While writing her most recent novel, WHEN SHE CAME HOME, Drusilla Campbell had to find a way into her main character Frankie’s head. Frankie is a mother and a Marine, called to war by her desire to protect her own children and her country’s children. Drusilla recounts a story of her own fierce protectiveness, and the lengths to which she is willing to go to keep her kids safe --- including staging a nonviolent sit-in and spending a day in jail. She empathizes with Frankie and with all mothers who want their children to be happy and healthy.
While plotting my novel, WHEN SHE CAME HOME, I knew I wanted to write about PTSD from a female point of view. My heroine had to be in the Marine Corps, married and a mother who decides to go for temporary active duty in Iraq. In some ways, it would have been easier to write the book if she’d been single or married without kids. But there are lots of moms in the armed services today. The more I did research for the book, the more their situations got through to me. These warriors entrust their children to fathers, sisters, aunts, grandmothers and friends when they deploy. Reading about their lives, I had a visceral, knee-jerk, OMG reaction.
How could they do it?
Eventually, these soldiers and sailors merged and became Marine Corps Captain Frankie Tennyson, the central character in my novel and --- to a lesser extent --- her friend, Domino.
Getting inside another person’s head as intensely as a fiction writer must is like being a method actor. I get kind of obsessed with the person I’m trying to bring to life on the page. My perspective shifts as I take on my characters’ personalities and circumstances. While writing this book, I had to channel my “inner marine.” I didn’t even know I had one.
Most military moms don’t choose to leave their kids behind. Frankie does. Those she trained with are serving in theaters of war, and it galls her that she’s stuck pushing papers in the finance office. Frankie is drawn to dangerous service because it breaks her heart to know that there were children on the planes hijacked on September 11th.
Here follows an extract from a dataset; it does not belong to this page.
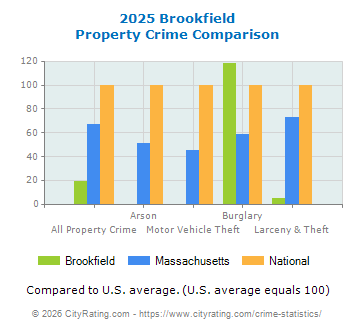 Brookfield Property Crime vs. State and National Comparison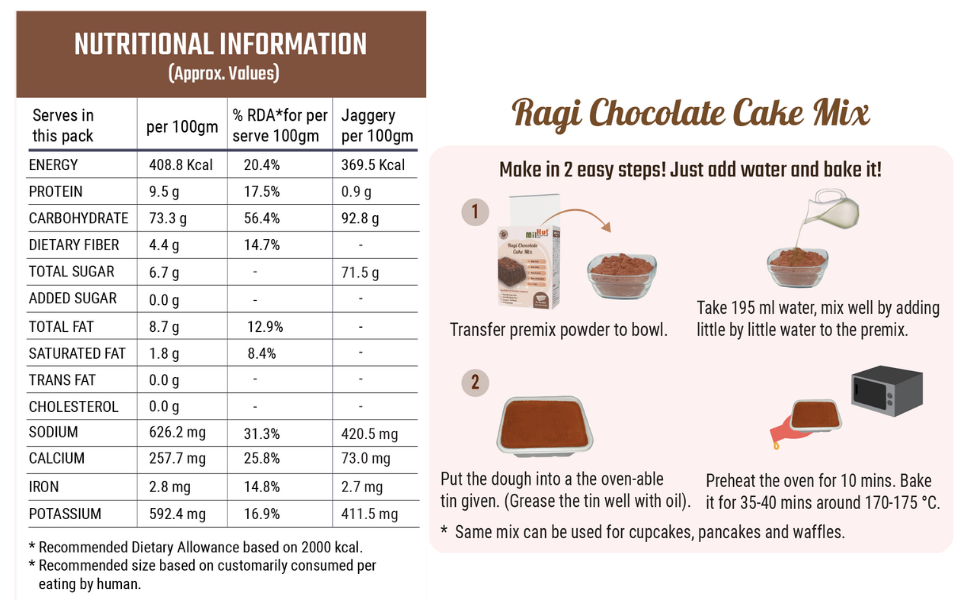 Nutrition information panel of MilHut millet cake premix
She is compelled to do her part to see that such a thing doesn’t happen again. Not to her child, not to any child.
When she has a chance to build a school damaged by years of war and deprivation, it seems like the perfect opportunity.
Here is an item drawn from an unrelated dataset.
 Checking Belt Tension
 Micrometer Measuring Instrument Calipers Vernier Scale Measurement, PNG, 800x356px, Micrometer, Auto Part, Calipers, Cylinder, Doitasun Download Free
To get inside Frankie, I first had to find a way to connect with her. To my surprise, that came by way of an experience I had when my boys were 11 and 8. Ronald Reagan was president and the Cold War was very cold. One day, I read a newspaper article about areas of Southern California considered prime targets for Soviet missile strikes. As it happened, our house was in the middle of a triangle of targets, and I saw immediately that if any of the three were hit, we would be instantly incinerated. I couldn’t stop thinking about my young sons, so full of life and potential. The only way I could stop obsessing was by taking action.
I joined an activist group planning a nonviolent sit-in at the General Dynamics plant that was, as it happened, one of those mapped targets. In the end, I was arrested and spent most of a day waiting to be bailed out of jail. I was tried in what became the biggest mass protest trial in San Diego history: The State of California v. Drusilla Campbell et alia. My husband, Art, was lead attorney. Despite his heroic efforts, we were found guilty, martyrs to the cause, and sentenced to hours and hours of community service.
I’m not equating my life of crime with the sacrifices made by moms in the military. But we mothers do share a sense of responsibility for our children’s welfare. Frankie felt she had to go to Iraq. I felt I had to protest the manufacture of cruise missiles in my backyard. Similarly, the mother who works two jobs to pay the rent, the mother who helps her daughter memorize sight words when she’d rather not, the mother who schleps her kids to soccer and football and tennis practice, wishing she were almost anywhere else: We all have this in common. We want our kids to have what they need for a good life: a roof over their heads, an education, strong, healthy bodies, and a peaceful world in which to live.